Chloe Zhao, the director, met Jandreau while filming her last film. She came up with the idea for a film about him when she visited later, and learned that he had received a severe head injury while riding at the rodeo. The doctors warned him never to ride again - not just in the rodeo but at all, full stop - but he was already back on the horse when Zhao visited. Brady Blackburn shares that back story.

This is not a movie about Overcoming Adversity through the Triumph of the Human Spirit. Brady is courting disaster, and there’s an example of the possible consequences staring him in the face in the form of Brady’s friend Lane Scott, who was so badly injured in a rodeo accident that he can no longer speak, can barely move, and communicates by signing with his one working hand.

There’s a particularly wrenching scene where Brady visits Lane in the hospital and helps out with his physical therapy - they’re having him do exercises that mimic pulling on the reins, because he knows the motion so well - and afterward, Brady wipes his eyes as he drives away, and it’s not clear if he’s crying for Lane or for his own possible future.

But still he can’t stay off a horse, and when you watch the horse-training scenes you see why. This is not an actor pretending to train a horse, but a professional horse trainer actually training a horse, with skill and gentleness and a real sense of back-and-forth between the man and the animal. Riding and horse-training is not just his profession: it’s his passion and purpose in life.

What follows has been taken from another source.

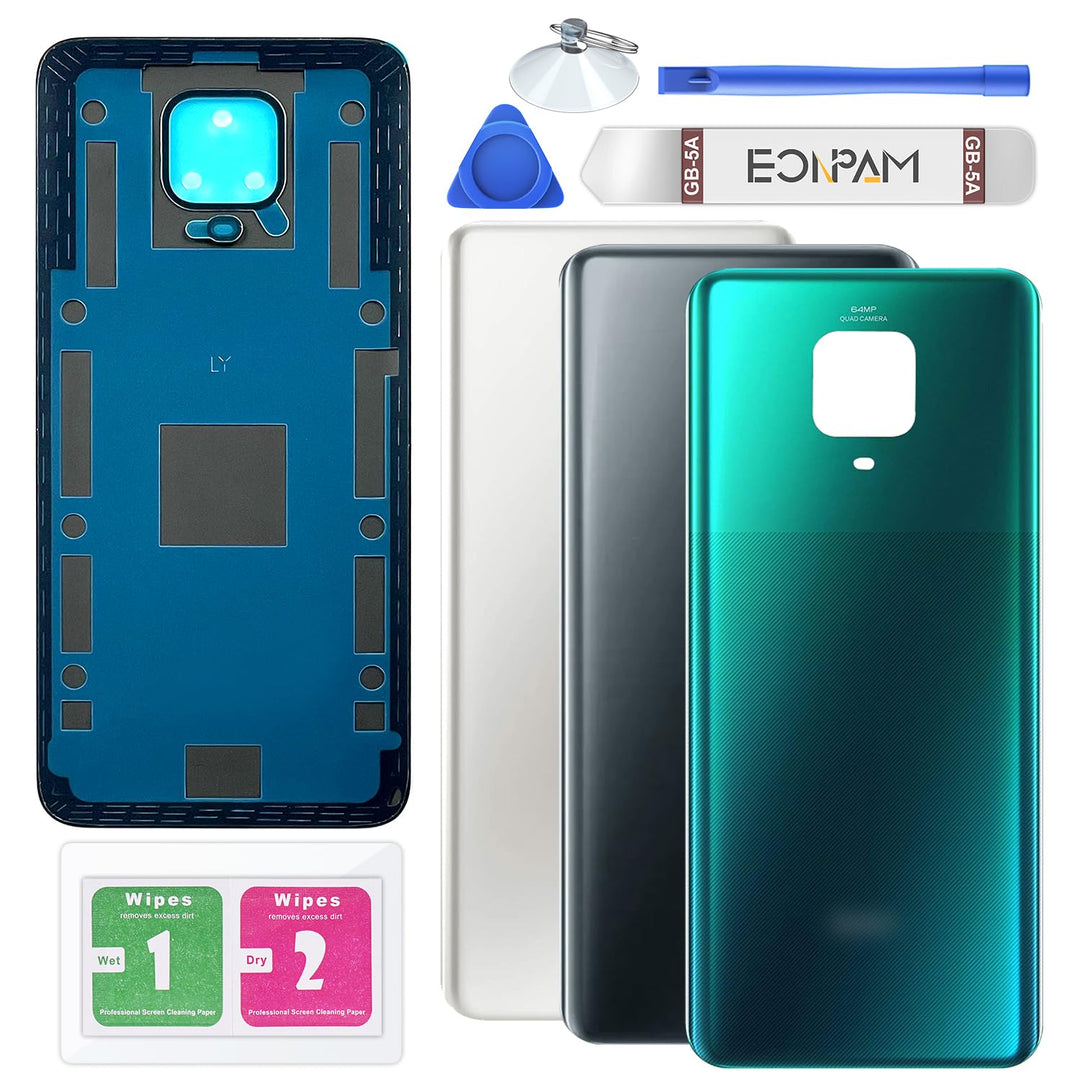 Eonpam Akkudeckel für Xiaomi Redmi Note 9 Pro Rückseite Glas Original Backcover Back Glas Ersatz mit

Is that worth the risk of a terrible brain injury or death? How do you make an abstract moral judgment about a thing like that? Neither answer is really satisfying, which is what makes the movie so sad - but it's also the reason it's stuck in my head like it has. It's worth seeing.

The landscapes are pretty, too.

Date: 2018-05-26 03:22 am (UTC)
genarti: Sarah Connor looking dubious ([scc] dubious)
From: [personal profile] genarti
Oh gosh. I'm not at all sure I'm emotionally up for seeing this movie, but it does sound amazing!

Date: 2018-05-26 05:21 am (UTC)
missroserose: (Freedom on a Bike)
From: [personal profile] missroserose
Is that worth the risk of a terrible brain injury or death? How do you make an abstract moral judgment about a thing like that?

I sometimes ruminate on this when I'm riding my bike through Chicago traffic. I know that I'm putting myself at far more risk than I would be driving a car, but I greatly dislike driving in the city and far prefer the maneuverability of a bike, not to mention the mood boost from the exercise. And in a way, it's a form of community service—not only in the "putting less carbon into the atmosphere" way, but also the "more bikes on the road make everyone collectively safer since drivers are more used to watching for them" sense. But that doesn't mean one careless driver won't seriously ruin my day sometime. I wear a high-vis vest and helmet and have a berjillion reflectors and blinking lights at night, but driving is a complex task and it only takes one slip at the wrong time.

I'm not sure I'd go so far as to say biking is my passion and purpose in life, but it does seem to hold a similar place in my sense of identity. It feels right for me, in a way driving really doesn't.